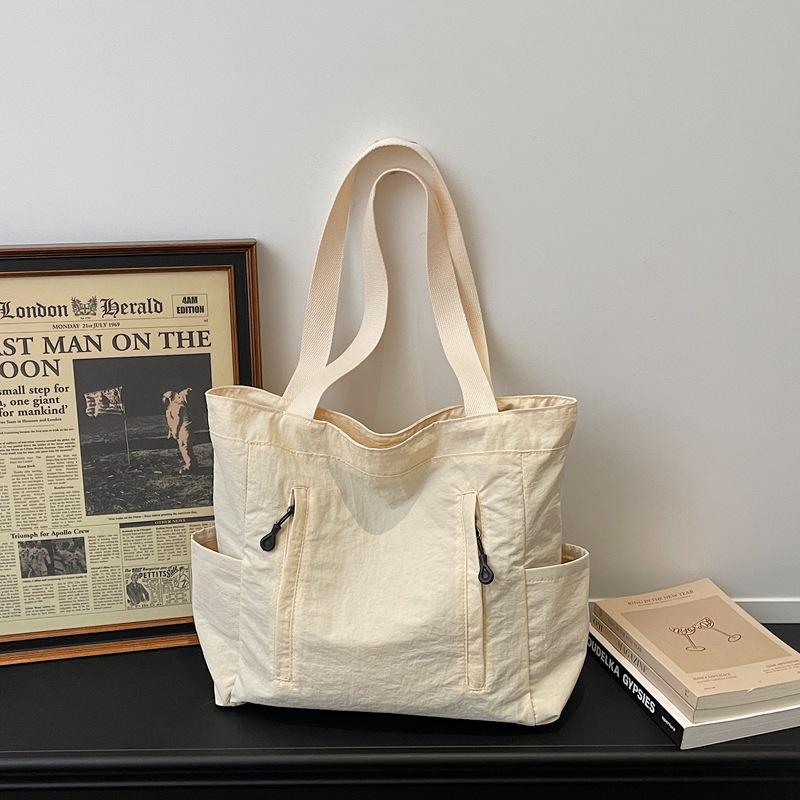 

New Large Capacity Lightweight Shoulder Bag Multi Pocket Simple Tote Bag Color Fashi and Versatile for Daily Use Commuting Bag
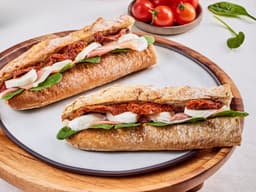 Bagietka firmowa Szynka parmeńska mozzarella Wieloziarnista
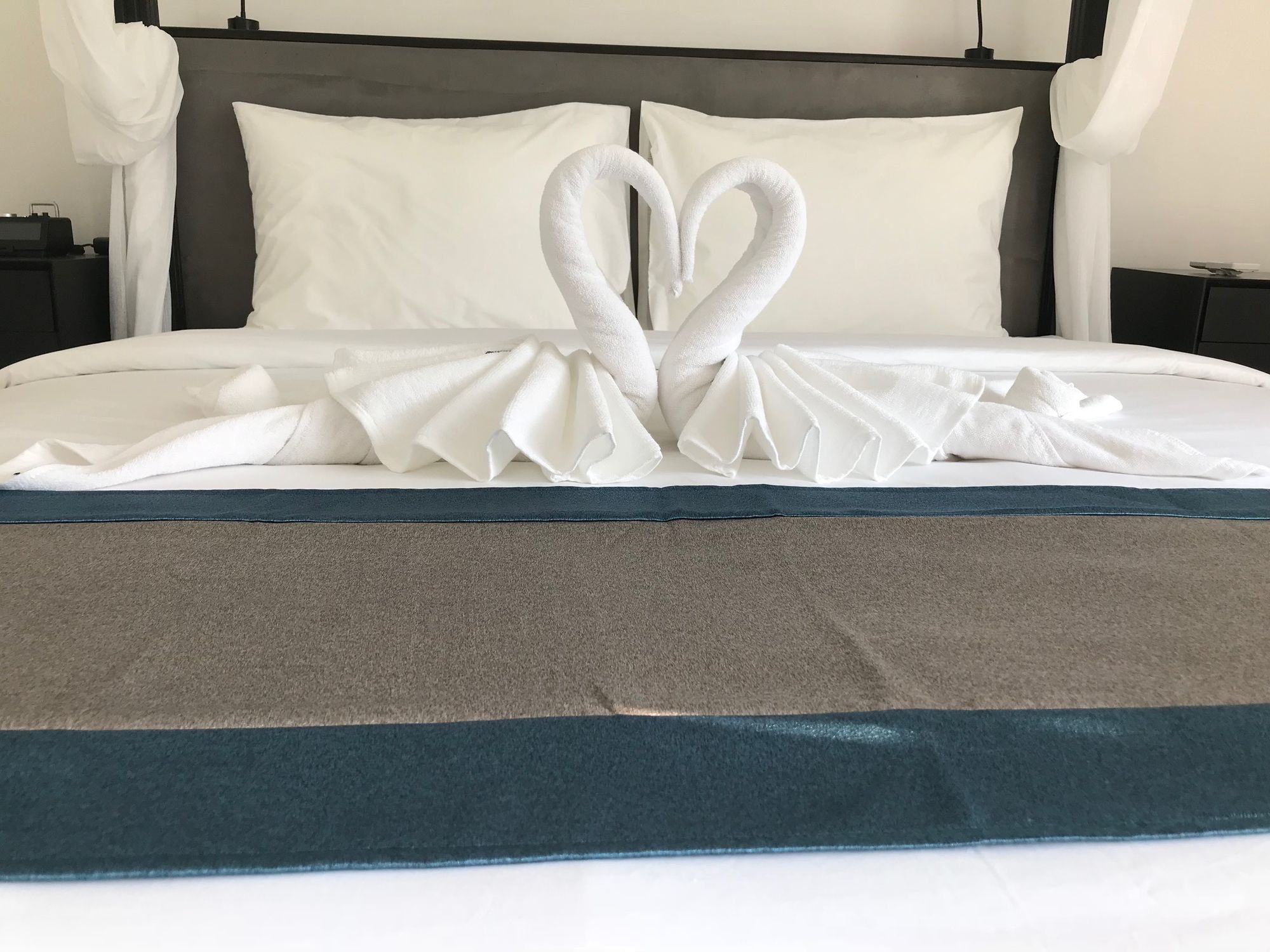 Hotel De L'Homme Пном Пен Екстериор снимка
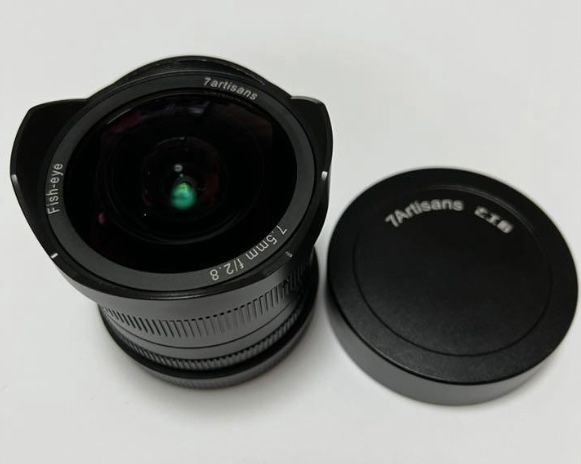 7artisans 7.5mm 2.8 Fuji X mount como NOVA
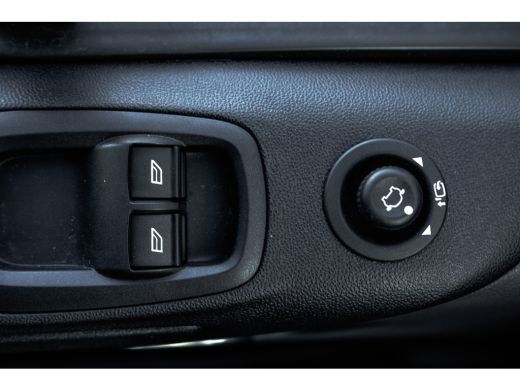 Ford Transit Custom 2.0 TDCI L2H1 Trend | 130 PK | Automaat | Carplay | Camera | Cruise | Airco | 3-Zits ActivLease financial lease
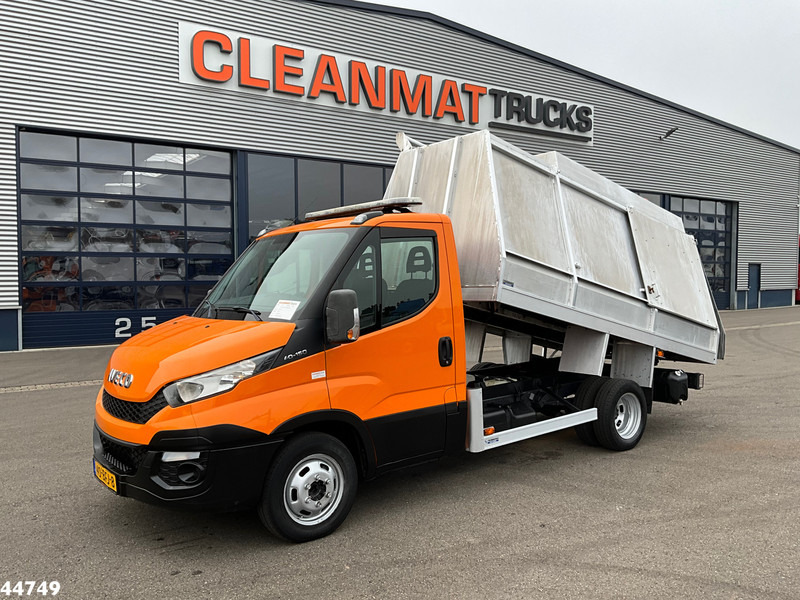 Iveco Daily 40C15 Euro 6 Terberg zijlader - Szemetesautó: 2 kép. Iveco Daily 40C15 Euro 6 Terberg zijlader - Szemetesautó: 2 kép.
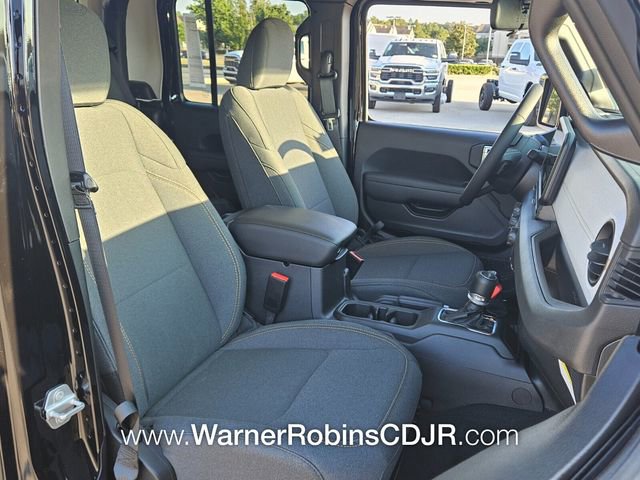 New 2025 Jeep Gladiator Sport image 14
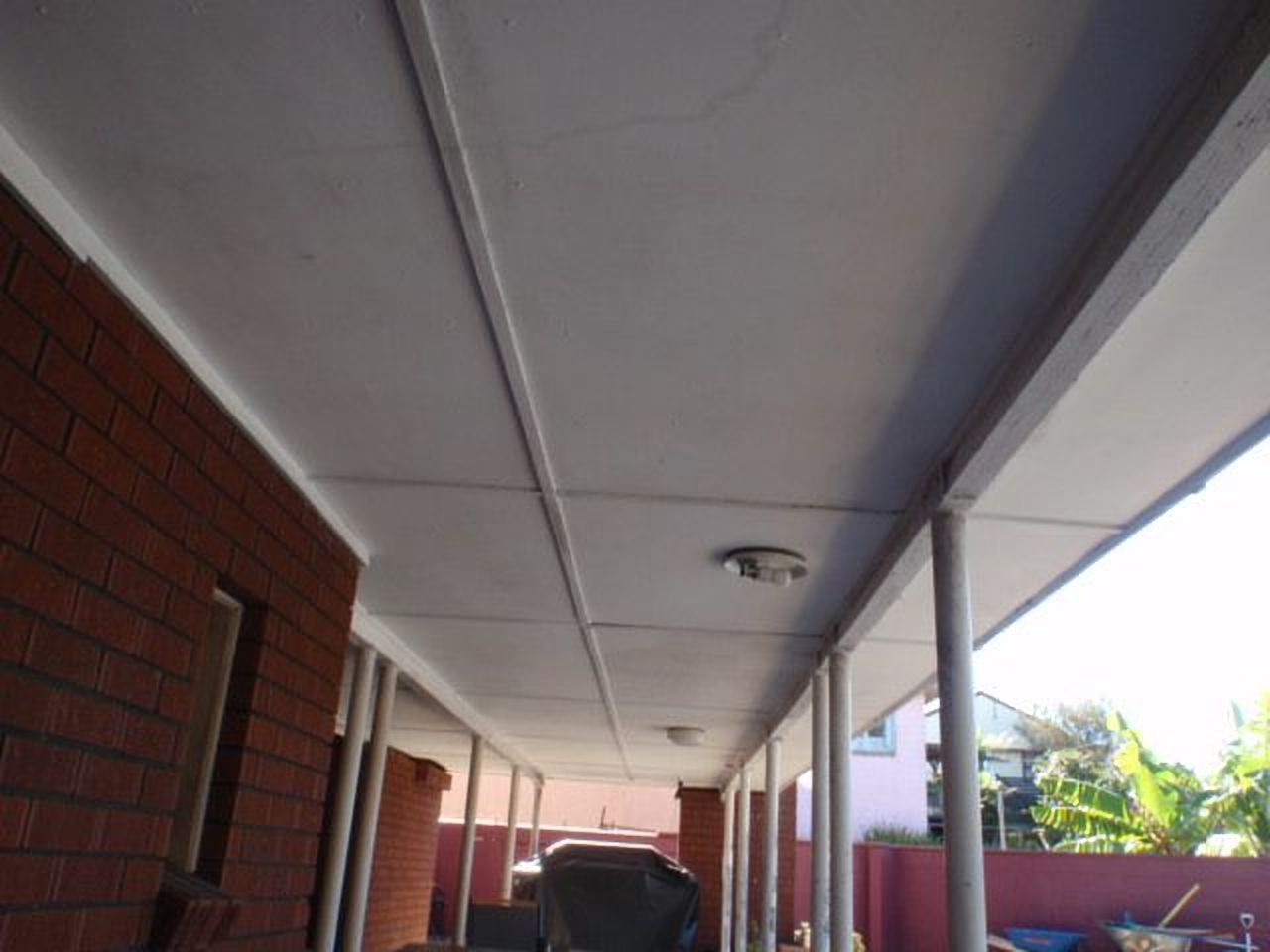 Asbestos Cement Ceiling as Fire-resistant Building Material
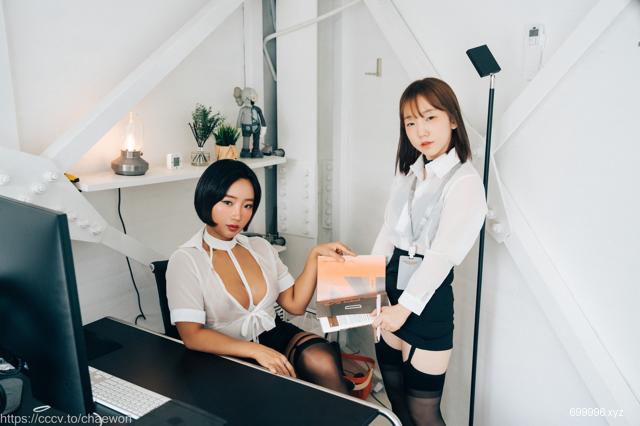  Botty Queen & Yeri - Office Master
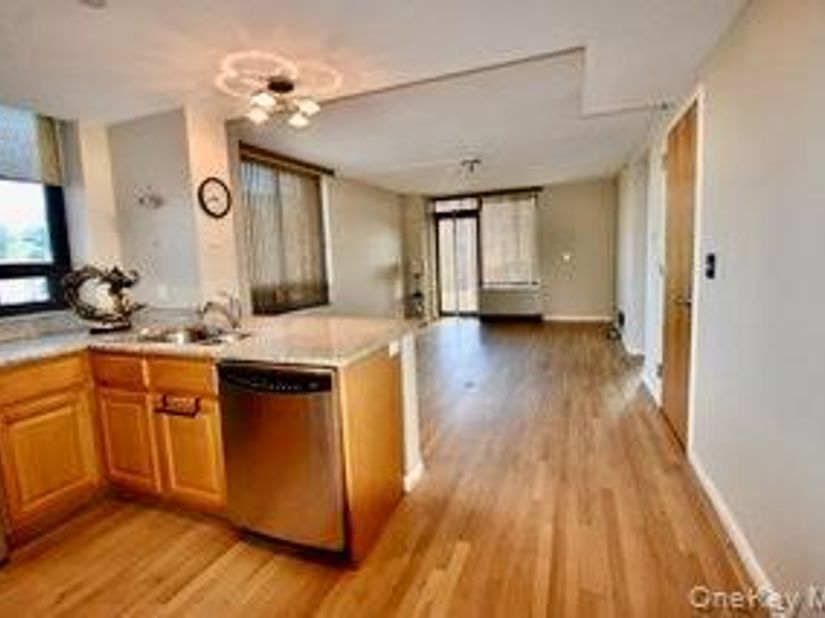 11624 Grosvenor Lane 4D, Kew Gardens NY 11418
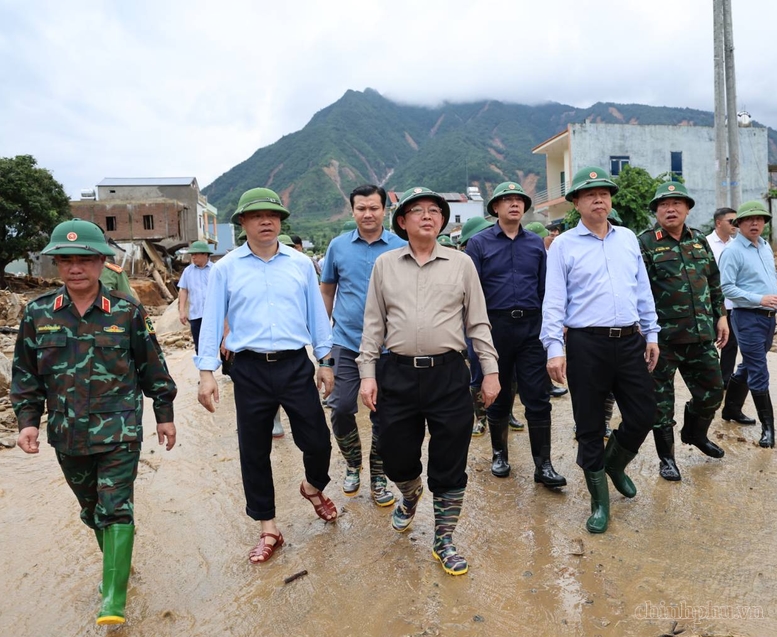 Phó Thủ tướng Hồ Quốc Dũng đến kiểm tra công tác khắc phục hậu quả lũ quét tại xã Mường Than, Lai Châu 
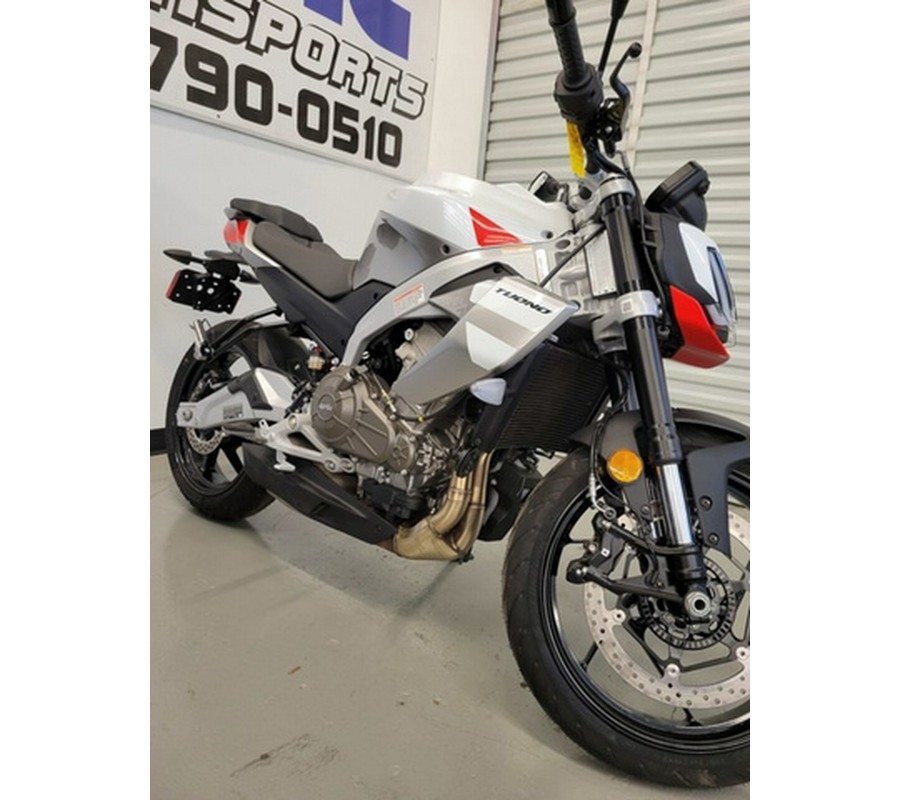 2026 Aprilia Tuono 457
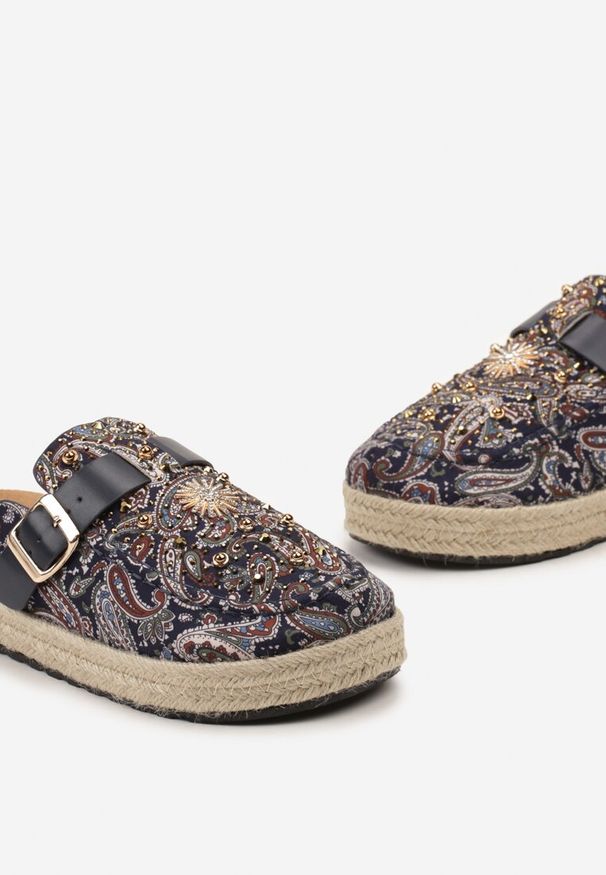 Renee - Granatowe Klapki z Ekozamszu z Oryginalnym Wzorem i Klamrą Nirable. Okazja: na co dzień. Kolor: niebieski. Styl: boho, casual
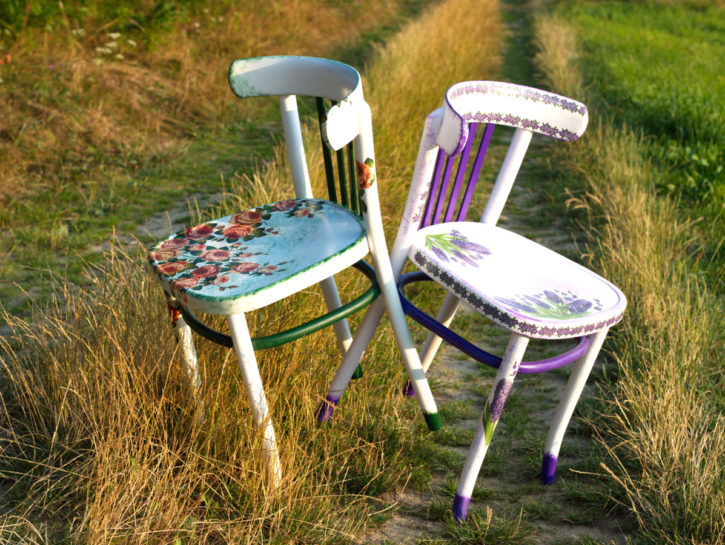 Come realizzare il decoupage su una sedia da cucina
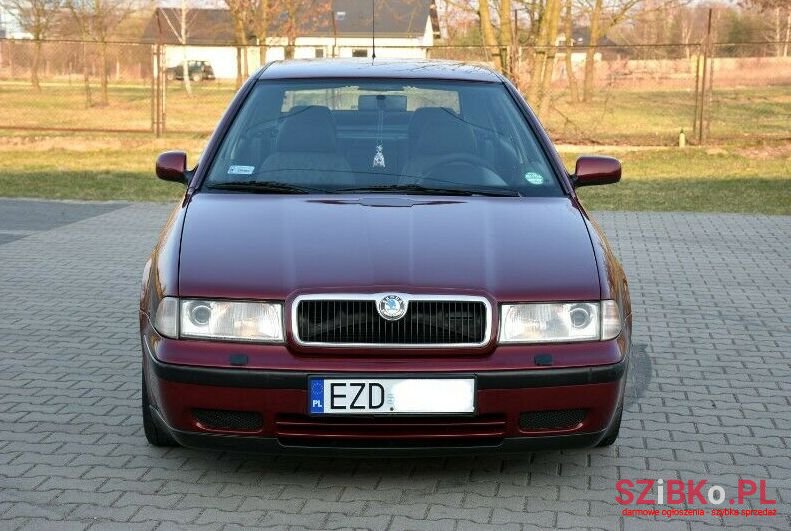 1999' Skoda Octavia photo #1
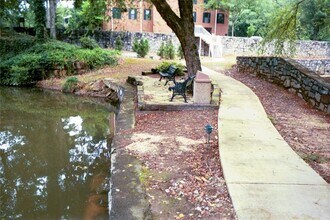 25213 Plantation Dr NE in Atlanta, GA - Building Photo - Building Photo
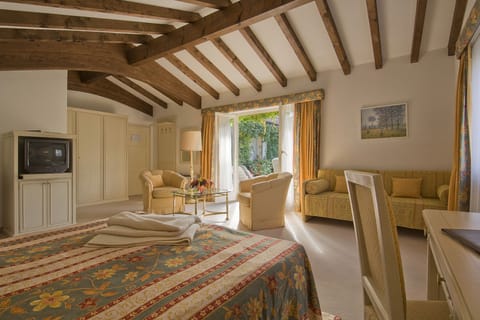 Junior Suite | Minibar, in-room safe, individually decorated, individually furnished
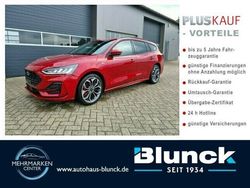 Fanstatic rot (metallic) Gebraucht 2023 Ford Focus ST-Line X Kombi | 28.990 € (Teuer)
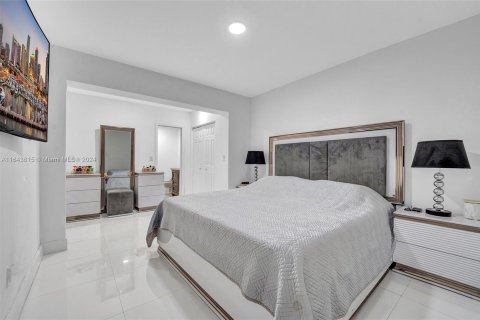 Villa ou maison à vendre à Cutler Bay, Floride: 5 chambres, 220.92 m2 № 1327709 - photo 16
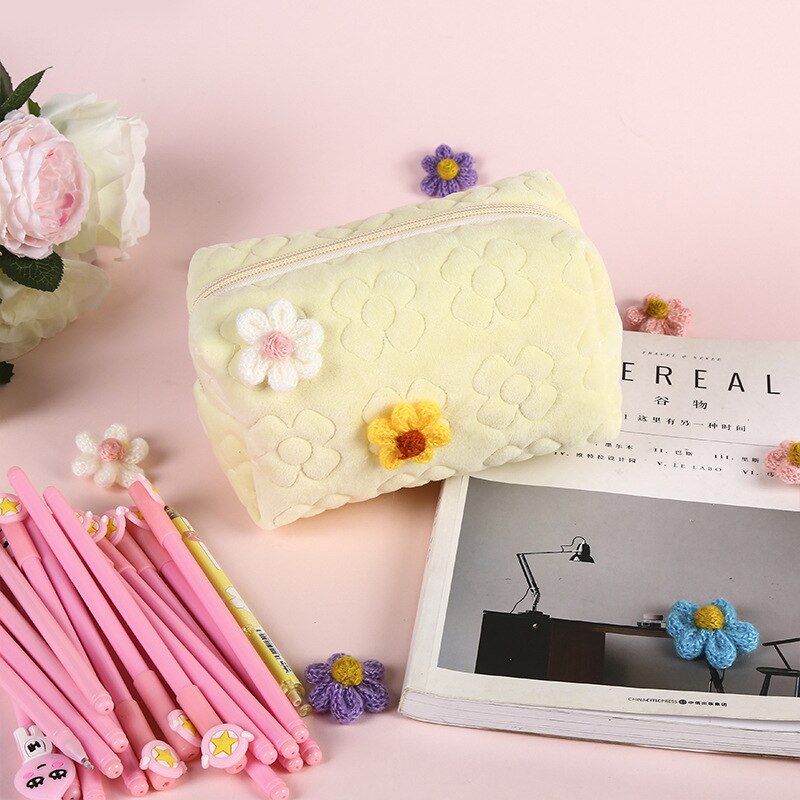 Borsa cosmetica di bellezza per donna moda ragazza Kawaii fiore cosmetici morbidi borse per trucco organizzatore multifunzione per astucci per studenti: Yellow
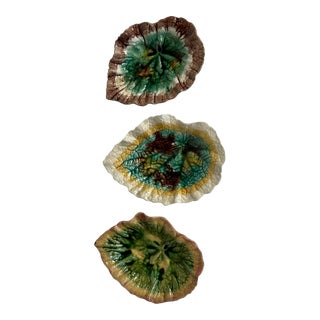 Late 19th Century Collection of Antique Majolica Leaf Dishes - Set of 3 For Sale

========

**THE PROBLEM:** Extract exactly the lines above from the line containing "2026 Aprilia Tuono 457" through the last one, both ends included, but not the pictures.

**ANSWER TO THIS EXERCISE:**
 2026 Aprilia Tuono 457
 Renee - Granatowe Klapki z Ekozamszu z Oryginalnym Wzorem i Klamrą Nirable. Okazja: na co dzień. Kolor: niebieski. Styl: boho, casual
 Come realizzare il decoupage su una sedia da cucina
 1999' Skoda Octavia photo #1
 25213 Plantation Dr NE in Atlanta, GA - Building Photo - Building Photo
 Junior Suite | Minibar, in-room safe, individually decorated, individually furnished
 Fanstatic rot (metallic) Gebraucht 2023 Ford Focus ST-Line X Kombi | 28.990 € (Teuer)
 Villa ou maison à vendre à Cutler Bay, Floride: 5 chambres, 220.92 m2 № 1327709 - photo 16
 Borsa cosmetica di bellezza per donna moda ragazza Kawaii fiore cosmetici morbidi borse per trucco organizzatore multifunzione per astucci per studenti: Yellow
 Late 19th Century Collection of Antique Majolica Leaf Dishes - Set of 3 For Sale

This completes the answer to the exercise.